According to Breitbart, Pope Francis called for zero tolerance of the sexual abuse of children, telling Portuguese television that such crimes are “diabolical.”
Even if there were only one case of abuse in the Church it would be “monstrous,” the pope told host Maria João Avillez, “because priests and nuns are called to bring boys and girls to God while abuse destroys their lives.”
“A priest cannot remain a priest if he is an abuser,” Francis declared. “He cannot because he is either sick or a criminal.”
“A priest exists to guide people to God and not to destroy people in the name of God,” he said. “Zero tolerance. And it must stay like this.”
At the same time, the pope insisted that the phenomenon of abuse has nothing to do with the Church’s celibacy rule. “Then they come to you with questions, could it be that celibacy…? Nothing to do with celibacy,” he said, noting that abuse also happens in families where there is no celibacy.

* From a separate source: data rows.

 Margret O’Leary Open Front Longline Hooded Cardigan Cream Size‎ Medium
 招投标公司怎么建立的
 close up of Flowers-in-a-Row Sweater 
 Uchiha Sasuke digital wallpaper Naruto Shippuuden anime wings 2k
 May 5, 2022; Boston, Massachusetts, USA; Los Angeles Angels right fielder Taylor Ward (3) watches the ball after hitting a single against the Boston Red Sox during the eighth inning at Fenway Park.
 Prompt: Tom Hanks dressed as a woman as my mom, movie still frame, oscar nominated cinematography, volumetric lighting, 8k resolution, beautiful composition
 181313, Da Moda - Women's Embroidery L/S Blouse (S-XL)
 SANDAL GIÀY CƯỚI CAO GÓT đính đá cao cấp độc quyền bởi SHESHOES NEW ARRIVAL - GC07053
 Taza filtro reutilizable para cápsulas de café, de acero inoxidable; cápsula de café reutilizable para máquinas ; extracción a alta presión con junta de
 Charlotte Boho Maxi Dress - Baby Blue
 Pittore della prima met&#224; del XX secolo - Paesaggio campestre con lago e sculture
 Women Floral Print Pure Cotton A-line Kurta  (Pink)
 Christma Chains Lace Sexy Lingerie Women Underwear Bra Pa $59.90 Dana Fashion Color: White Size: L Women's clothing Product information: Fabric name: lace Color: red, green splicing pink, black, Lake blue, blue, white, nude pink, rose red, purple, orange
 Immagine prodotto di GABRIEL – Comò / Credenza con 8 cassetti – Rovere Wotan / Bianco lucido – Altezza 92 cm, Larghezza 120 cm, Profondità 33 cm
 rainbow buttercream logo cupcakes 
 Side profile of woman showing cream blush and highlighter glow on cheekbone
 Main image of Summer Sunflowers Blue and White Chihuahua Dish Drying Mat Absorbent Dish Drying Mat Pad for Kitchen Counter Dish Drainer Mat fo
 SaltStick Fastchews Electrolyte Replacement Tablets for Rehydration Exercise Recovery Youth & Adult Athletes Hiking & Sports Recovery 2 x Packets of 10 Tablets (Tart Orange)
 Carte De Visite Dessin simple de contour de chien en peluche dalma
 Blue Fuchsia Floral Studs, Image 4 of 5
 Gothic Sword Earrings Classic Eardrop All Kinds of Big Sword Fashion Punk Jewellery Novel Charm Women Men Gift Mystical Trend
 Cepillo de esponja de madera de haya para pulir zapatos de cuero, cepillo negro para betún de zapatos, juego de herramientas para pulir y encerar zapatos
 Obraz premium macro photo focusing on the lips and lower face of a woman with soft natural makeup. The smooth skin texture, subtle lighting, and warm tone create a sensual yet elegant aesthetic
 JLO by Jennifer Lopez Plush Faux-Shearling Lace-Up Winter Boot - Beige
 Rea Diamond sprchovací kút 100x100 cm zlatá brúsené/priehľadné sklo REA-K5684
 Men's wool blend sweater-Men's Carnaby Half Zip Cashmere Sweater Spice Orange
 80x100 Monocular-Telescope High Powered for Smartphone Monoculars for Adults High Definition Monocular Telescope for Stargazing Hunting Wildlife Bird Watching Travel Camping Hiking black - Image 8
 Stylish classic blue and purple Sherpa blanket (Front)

“Abuse is a destructive thing, humanly diabolical, because in families there is no celibacy and it also happens,” he said. “It is a monstrosity for a man or a woman of the Church, who is sick in psychological terms or is evil, to use that position for his personal satisfaction. It’s diabolical.”
Francis, who has met victims of sexual abuse several times, both in the Vatican and on some of his foreign trips, said: “We join in the pain of the victims and weep for this sin – the sin of what happened, the sin of failing to help, the sin of covering up and denial, the sin of the abuse of power.”
Anne Barrett-Doyle, founder of the US-based research and monitoring group BishopAccountablity.org, said in an email that the pope’s words were little more than rhetoric. “This pope keeps proclaiming zero tolerance but doesn’t enact it. He knows full well that church law contains no zero-tolerance provision. Zero tolerance is mere rhetoric. The sad fact is that the church still has not changed its system to make zero tolerance a binding reality,” she said.
Pope Francis, Anne Barrett-Doyle notwithstanding, is bringing up a powerful point and fostering awareness of this scourge on the Church. Action often starts with rhetoric and by consistently pounding this point, Pope Francis will be, hopefully, inspiring meaningful reform. Pope Francis is attacking two points. Many people will blame, what they see as, outdated celibacy orders. However, celibacy is part of the vocation, or calling, to the Priesthood. The basis of this is found in Matthew 19:12; “and there are those who choose to live like eunuchs for the sake of the kingdom of heaven. The one who can accept this should accept it.” Clerics are to give up their sexual identities for the sake of the Kingdom of God.
More importantly, Pope Francis is lamenting over the fact that sexual abuse or misconduct hinders vocational development. Once the improper act is taken, the relationship between the young person and the Spiritual Advisor is never the same. Often complaints to the cleric’s superiors are met with indifference, silence, or an informal type of shunning, wherein the vocational process and steps are allowed to languish. Often lives are ruined or irreparably changed and damaged. Young men and women are sent into the world with no marketable skills and no survival skills that would shield them against scams and deceptions.
I applaud Pope Francis for, a least, acknowledging the problem. It does help, although Barrett-Doyle is correct in that it is not enough to simply raise awareness. Over the decades we have lost many good men who would have made exemplary Priests; one was a friend of mine who was lost in 9/11. How do I know some of these details? I experienced sexual misconduct from my Spiritual Director when I was pursuing a calling to the Priesthood.